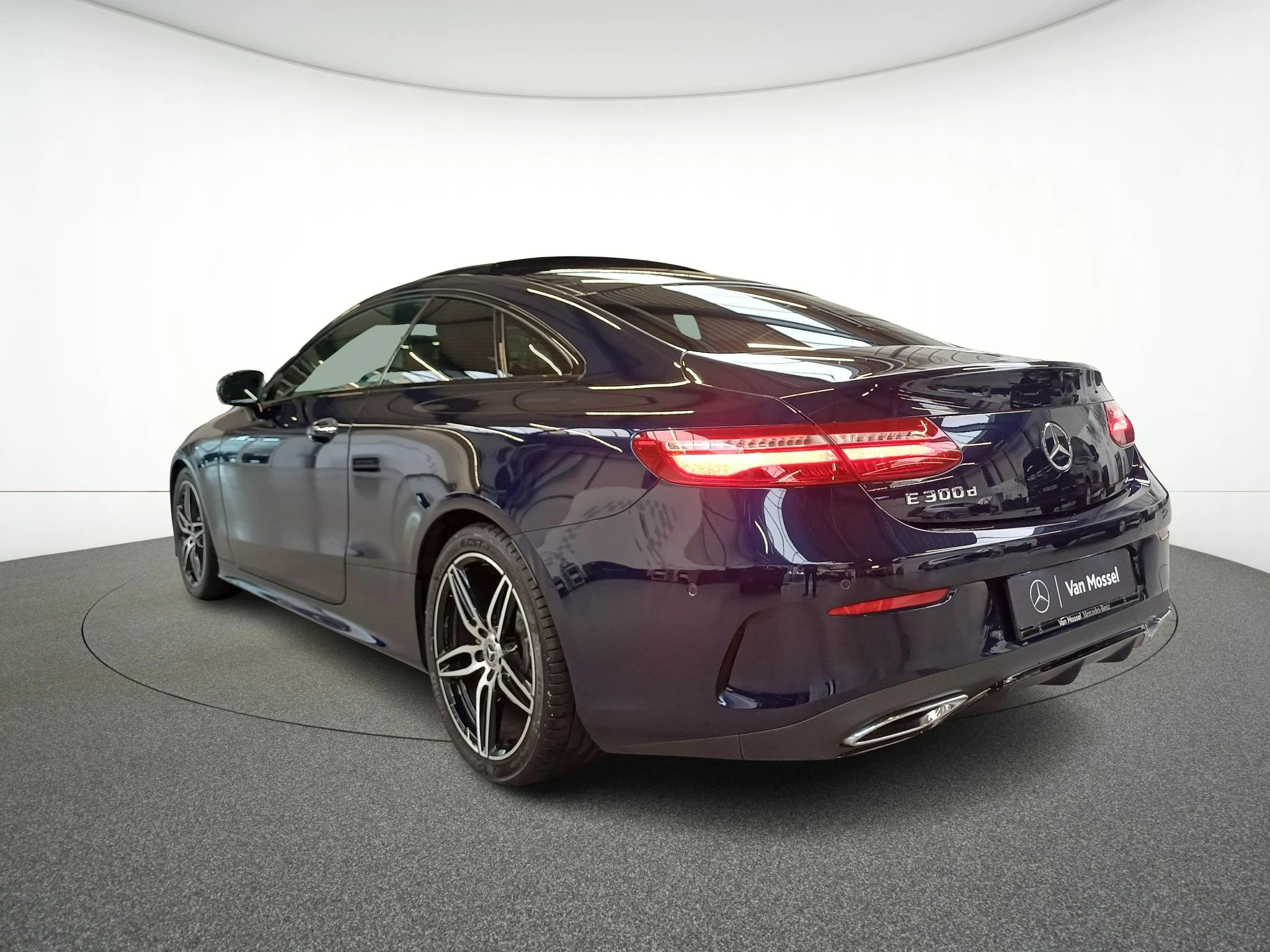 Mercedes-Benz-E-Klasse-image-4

* * *

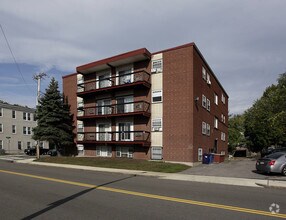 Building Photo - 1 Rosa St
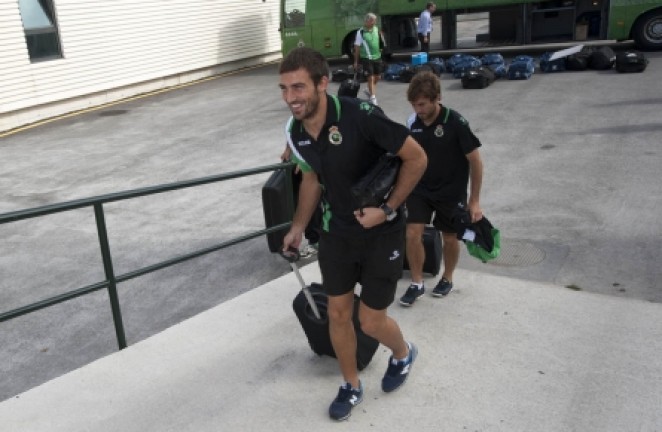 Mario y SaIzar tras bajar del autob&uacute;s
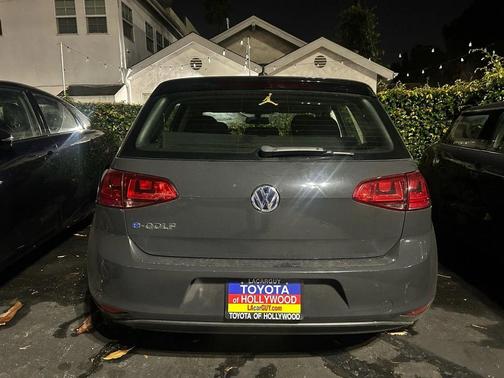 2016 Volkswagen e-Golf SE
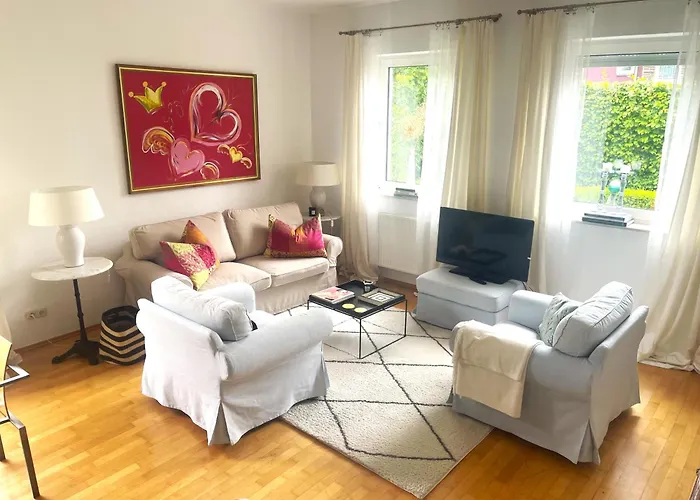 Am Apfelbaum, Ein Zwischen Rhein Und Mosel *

==

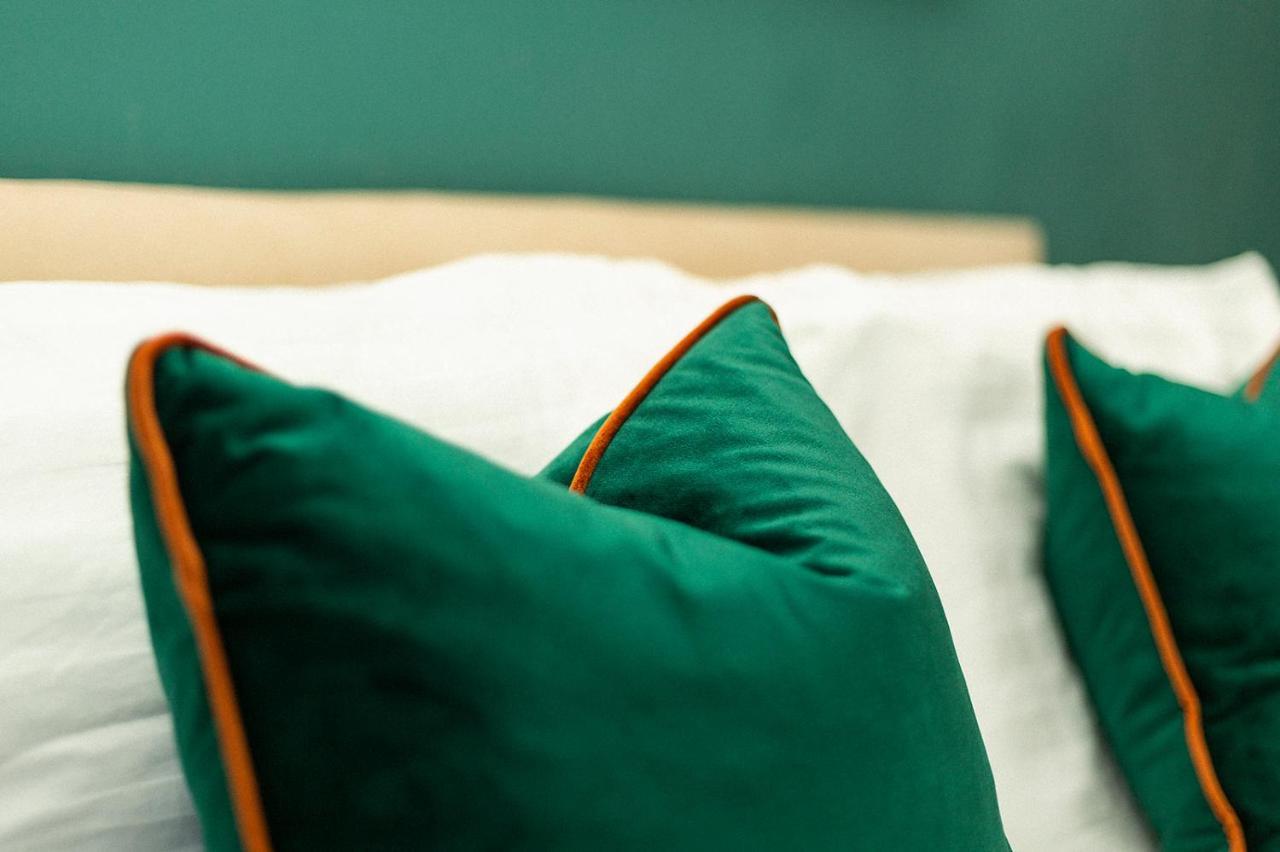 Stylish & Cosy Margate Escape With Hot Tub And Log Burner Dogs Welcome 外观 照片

_Prompt_. I'd like the lines above repeated exactly, from the one that contains "2016 Volkswagen e-Golf SE" through the one that contains "Am Apfelbaum, Ein Zwischen Rhein Und Mosel *", with no pictures.

_Answer area_.
 2016 Volkswagen e-Golf SE
 Am Apfelbaum, Ein Zwischen Rhein Und Mosel *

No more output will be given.